Von der Anhörung kann gem. § 28 II VwVfG in bestimmten Fällen
abgesehen werden, wenn sie nach den Umständen des Einzelfalls
nicht geboten ist, z.B. bei Gefahr in Verzug.
Rauschtat
15.04.2009 23:54
Jedes Verhalten, das den vollständigen objektiven und subjektiven
Tatbestand einer beliebigen Vorsatz- oder Fahrlässigkeitstat verwirklicht,
das rechtswidrig geschah und auch schuldhaft gewesen
wäre, wenn der Täter nicht vermindert schuldfähig, möglicherweise
sogar schuldunfähig gewesen wäre.
Ermächtigungsgrundlage
15.04.2009 23:52
Grds. muss für alle belastenden Maßnahmen der Behörden eine
gesetzliche Ermächtigungsgrundlage vorhanden sein (Grundsatz
vom Vorbehalt des Gesetzes).
Dabei muss eine Rechtsnorm, um Ermächtigungsgrundlage zu
sein, die materiellen Voraussetzungen des Handelns regeln sowie
die Befugnis enthalten, die entsprechende Handlung vornehmen
zu können (Tatbestand und Rechtsfolge). Anzuwenden ist von der
Behörde immer die nach der Rechtsfolge speziellste Ermächtigungsgrundlage.
Drohung
07.02.2009 12:15
Inaussichtstellen eines empfindlichen Übels, dessen Eintritt vom Willen des Täters abhängig erscheint, unabhängig vom tatsächlichen Realisierungswillen oder der Realisierbarkeit (also auch Scheindrohung), wenn dem Opfer zur Vermeidung des Übels das vom Täter erstrebte Verhalten als Handlungsalternative vor Augen geführt wird.

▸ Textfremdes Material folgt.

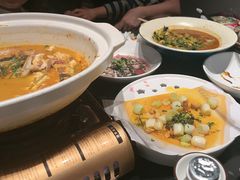 -明丰小渔馆(明月路店)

eigenverantwortliche Selbstgefährdung
07.02.2009 12:06
An die Verursachungshandlung des Täters anknüpfendes und erfolgsvermittelndes Mitwirkungsverhalten des Opfers in Kenntnis der Tragweite des eingegangenen Risikos. In Abgrenzung zur Fremdgefährdung liegt eine Selbstgefährdung vor, wenn das Opfer den zum tatbestandlichen Erfolg führenden letzten Akt in den Händen gehalten hat. Ist dies der Fall, so ist der Tatbestand eines Vorsatz- oder Fahrlässigkeitsdelikts nicht erfüllt.
aberratio ictus
07.02.2009 12:03
(lat.) Abirrung des Hiebes (oder des Angriffs). Nach aus Tätersicht richtiger Individualisierung des Opfers/Tatobjekts wird ein falsches
Tatobjekt/-opfer aufgrund eines abweichenden Kausalverlaufs getroffen. Nach h.M. Vorsatzausschluss, und zwar auch bei rechtlicher Gleichwertigkeit zwischen anvisiertem und getroffenem Tatobjekt.